_Work order_: Reproduce exactly, from the data that follows, the line with "Yacht Photos Pics", the line with "Workspace. Online or", and every line that lies between them.

[Data extracted from a collection]
★ ★ ★ ★ ★
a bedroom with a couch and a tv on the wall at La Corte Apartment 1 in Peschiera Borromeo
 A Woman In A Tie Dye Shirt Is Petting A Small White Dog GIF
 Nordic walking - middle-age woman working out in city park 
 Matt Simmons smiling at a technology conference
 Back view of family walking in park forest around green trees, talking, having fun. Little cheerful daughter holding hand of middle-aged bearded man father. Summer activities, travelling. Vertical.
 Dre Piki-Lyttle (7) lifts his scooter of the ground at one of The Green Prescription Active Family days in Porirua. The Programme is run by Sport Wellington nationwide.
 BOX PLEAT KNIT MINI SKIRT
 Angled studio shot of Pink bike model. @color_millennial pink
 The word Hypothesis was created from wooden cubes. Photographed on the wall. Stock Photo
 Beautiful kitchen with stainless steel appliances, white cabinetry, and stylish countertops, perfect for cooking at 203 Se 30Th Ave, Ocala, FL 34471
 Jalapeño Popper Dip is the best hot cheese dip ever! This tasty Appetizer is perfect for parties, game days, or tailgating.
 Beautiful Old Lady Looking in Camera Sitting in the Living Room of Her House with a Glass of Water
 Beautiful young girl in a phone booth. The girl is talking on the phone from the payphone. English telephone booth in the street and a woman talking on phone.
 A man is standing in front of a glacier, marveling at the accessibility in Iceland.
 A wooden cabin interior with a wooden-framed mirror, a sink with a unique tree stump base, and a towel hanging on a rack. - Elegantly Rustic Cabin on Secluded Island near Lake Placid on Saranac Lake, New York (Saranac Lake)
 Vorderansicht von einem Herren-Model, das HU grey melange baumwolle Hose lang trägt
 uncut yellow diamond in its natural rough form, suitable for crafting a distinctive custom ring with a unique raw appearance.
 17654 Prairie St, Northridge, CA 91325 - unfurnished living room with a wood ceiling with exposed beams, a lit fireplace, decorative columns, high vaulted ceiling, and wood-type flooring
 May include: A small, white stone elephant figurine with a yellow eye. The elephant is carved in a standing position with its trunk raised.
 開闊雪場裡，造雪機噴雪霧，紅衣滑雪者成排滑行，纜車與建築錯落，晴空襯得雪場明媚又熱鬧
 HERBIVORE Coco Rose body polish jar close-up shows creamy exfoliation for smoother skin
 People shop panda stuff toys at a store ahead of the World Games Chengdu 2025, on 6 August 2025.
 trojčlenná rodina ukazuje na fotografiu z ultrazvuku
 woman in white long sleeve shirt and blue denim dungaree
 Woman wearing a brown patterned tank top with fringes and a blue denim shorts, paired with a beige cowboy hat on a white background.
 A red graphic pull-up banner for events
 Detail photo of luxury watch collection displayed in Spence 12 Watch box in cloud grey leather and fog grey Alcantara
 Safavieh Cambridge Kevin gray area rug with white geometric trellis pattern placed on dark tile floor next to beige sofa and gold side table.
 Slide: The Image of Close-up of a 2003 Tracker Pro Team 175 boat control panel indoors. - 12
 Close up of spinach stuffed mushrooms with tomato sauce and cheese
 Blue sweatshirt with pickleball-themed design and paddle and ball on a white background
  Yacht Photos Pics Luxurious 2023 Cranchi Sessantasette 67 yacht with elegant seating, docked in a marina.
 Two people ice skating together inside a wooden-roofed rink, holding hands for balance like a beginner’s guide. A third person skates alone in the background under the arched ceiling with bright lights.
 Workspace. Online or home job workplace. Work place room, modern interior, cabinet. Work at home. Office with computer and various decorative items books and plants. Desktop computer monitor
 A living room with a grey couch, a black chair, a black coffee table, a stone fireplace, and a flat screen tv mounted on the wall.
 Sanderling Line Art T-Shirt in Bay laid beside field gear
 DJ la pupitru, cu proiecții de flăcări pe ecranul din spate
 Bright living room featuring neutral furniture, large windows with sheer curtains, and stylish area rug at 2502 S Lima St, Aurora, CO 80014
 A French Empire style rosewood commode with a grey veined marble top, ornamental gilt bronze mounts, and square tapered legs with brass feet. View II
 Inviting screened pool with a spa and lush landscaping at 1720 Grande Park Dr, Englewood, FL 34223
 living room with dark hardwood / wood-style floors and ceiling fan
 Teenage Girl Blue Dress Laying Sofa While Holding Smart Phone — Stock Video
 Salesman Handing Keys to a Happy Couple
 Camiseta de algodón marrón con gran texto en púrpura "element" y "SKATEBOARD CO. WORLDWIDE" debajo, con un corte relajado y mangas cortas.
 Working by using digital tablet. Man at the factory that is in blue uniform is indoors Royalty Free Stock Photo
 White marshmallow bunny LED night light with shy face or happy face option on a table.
★ ★ ★ ★ ★
_Response for this exercise_:
  Yacht Photos Pics Luxurious 2023 Cranchi Sessantasette 67 yacht with elegant seating, docked in a marina.
 Two people ice skating together inside a wooden-roofed rink, holding hands for balance like a beginner’s guide. A third person skates alone in the background under the arched ceiling with bright lights.
 Workspace. Online or home job workplace. Work place room, modern interior, cabinet. Work at home. Office with computer and various decorative items books and plants. Desktop computer monitor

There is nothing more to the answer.